Opinion
A22-1386
05-01-2023
Isak P. Hawkinson, Rinke Noonan, Ltd., St. Cloud, Minnesota (for respondent) Elizabeth Frazier, Walter Burk, Minnesota Assistance Council for Veterans, St. Paul, Minnesota (for appellant)
Isak P. Hawkinson, Rinke Noonan, Ltd., St. Cloud, Minnesota (for respondent)
Elizabeth Frazier, Walter Burk, Minnesota Assistance Council for Veterans, St. Paul, Minnesota (for appellant)
Considered and decided by Gaïtas, Presiding Judge; Wheelock, Judge; and Halbrooks, Judge.

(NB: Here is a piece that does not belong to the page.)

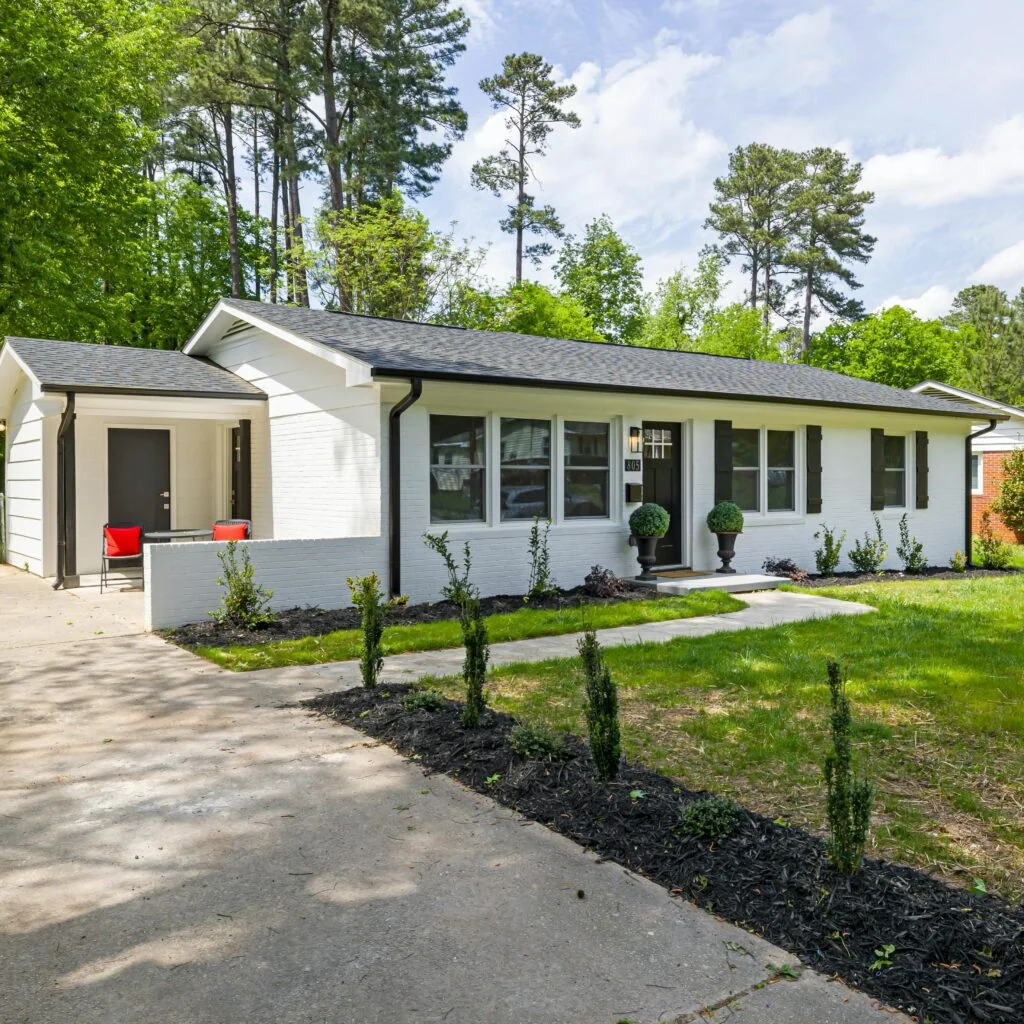 Historic Home Renovation Do's And Don'ts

Retired judge of the Minnesota Court of Appeals, serving by appointment pursuant to Minn. Const. art. VI, § 10.
GAÏTAS, Judge
In this case, we are asked to interpret Minnesota Statutes section 504B.331(d), which sets forth the requirements for service of a summons in an eviction action by posting when the tenant cannot be found in the county. Appellant Morris Royston leased an apartment from respondent Housing and Redevelopment Authority of St. Cloud (HRA). HRA initiated an eviction action against Royston and, following a trial, obtained a judgment for recovery of premises. Royston appeals, arguing that the district court lacked personal jurisdiction over him because HRA did not follow the procedures outlined by section 504B.331(d) for service of the summons by posting. He interprets the statute to allow posting of a summons only after a landlord has made two attempts at personal service, mailed the summons, and filed an affidavit with the court certifying that the tenant cannot be found in the county and that the summons was mailed. Relying on this interpretation, Royston contends that HRA posted the summons in his case too early—after the second attempt at personal service, but before the summons was mailed and the affidavit was filed with the court.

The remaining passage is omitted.